- A partnership is a legal form of business with two or more persons agree to carry on a business together.
- This agreement can be written or oral.
- There are two types of partnerships:
- General partnership.
- Limited partnership.
- In the words of Solomon, “Two can accomplish more than twice as much as one. If one fails, the other pulls him up, but if a man falls when he is alone, he’s in trouble. Besides, one standing alone can be attacked and defeated, but two can stand back-to-back and conquer.”
- A partnership business can be a relationship disaster or a positive experience.
- To have a successful partnership, there are a few criteria:
- Have the same vision.
- Divide business roles according to each individuals strengths.
- Avoid the 50-50 split.
- Hold a monthly partner meeting.
- Create a partnership agreement.
- Partnership by estoppel, which means a person may be considered a partner even if not formally included in the partnership.
- “Estoppel” means that one is not permitted to deny.

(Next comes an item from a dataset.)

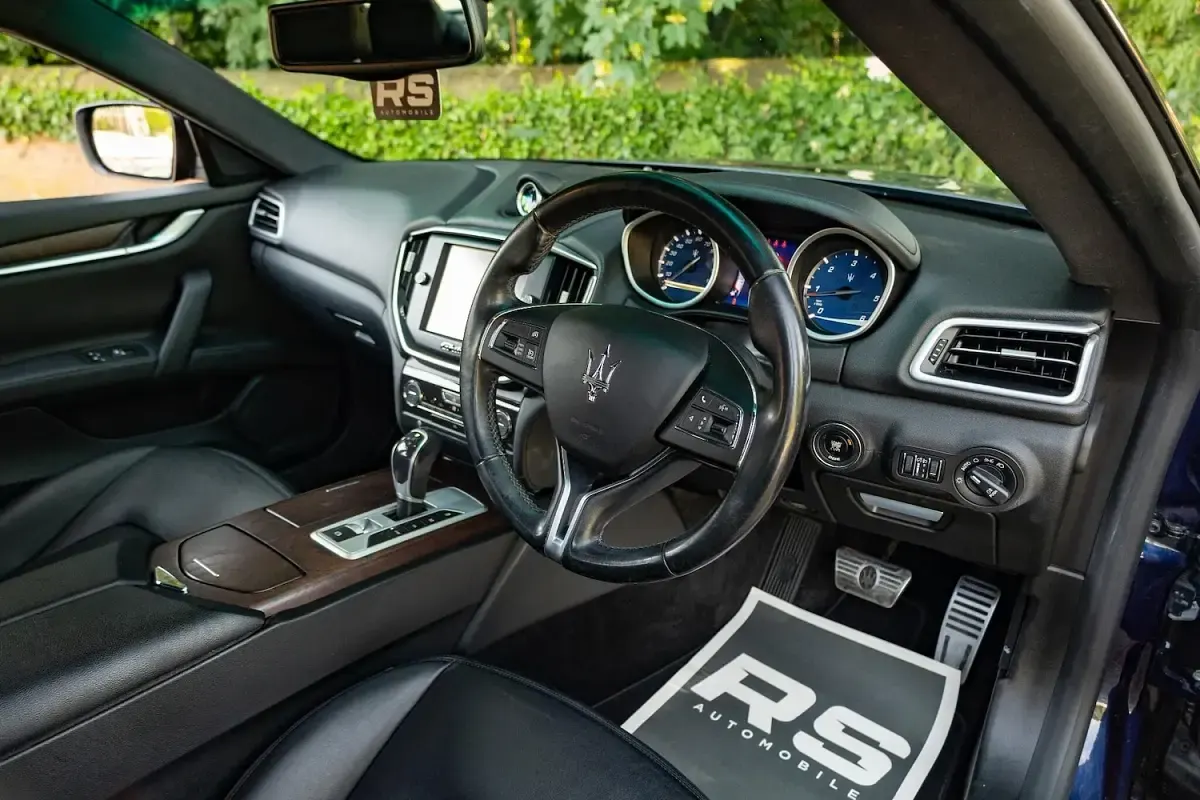Used Maserati Ghibli 275 HP (202 kW) 2016 Blue Sedan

In the context of partnerships, it means that a person cannot deny being a partner if he permits the partnership use his name. For example: - A situation in which partner A and partner B start a business and offer non-partner C a profit interest in the company if they can use C’s name in the business. If a bank lends money to the partnership and the partnership becomes insolvent, C would be considered a partner and could be held liable.
Advantages of partnership:
- Ease of formation.
- Availability of capital.
- Diversity of skill and expertise.
- Flexibility.
- No special taxes and only single level of taxation.
- Relative freedom from government control.
- Shared burdens.
- Different views. As problems are looked at from different angles, it can arise in more creative ways of meeting difficulties in a business.
- Effective decisions.
Disadvantages of partnership:
- Unlimited liability.
- Potential for conflicts between partners because many disagreement might arise.
- Conflict of opinions.
- Complexity of profit-sharing.
- Difficulty exiting or dissolving.
- All partners are potentially personally liable for all business debts and lawsuits.
- Uneven ambition.
- Reduced autonomy.
General Partnership:
- A partnership in which all owners share in operating the business and in assuming liability for the business’s debts.
- Consists of two or more individuals who jointly own the assets, liabilities, revenues and losses.
- Each partner enjoys the benefits of certain tax allowances and each has legal ownership of the assets of the business.
- Each of the two or more partners will have unlimited liability for the debts of the business.
- The income and expense is reported on a separate return for tax purposes, but each partner then reports his or her pro-rata share of the profit or loss from the business as one line on his personal tax return.
Limited Partnership:
- A partnership with one or more general partners and one or more limited partners.
- Limited partners have no personal liability and stand to lose only the amount which he has contributed and any amounts which he has obligated himself to contribute under the agreement.
- Limited partner’s responsibilities are spelled out in the partnership agreement.
- Limitation can be placed on whether who make decisions, how profits and expenses are allocated, how long the agreement is valid and what happens when the business is sold.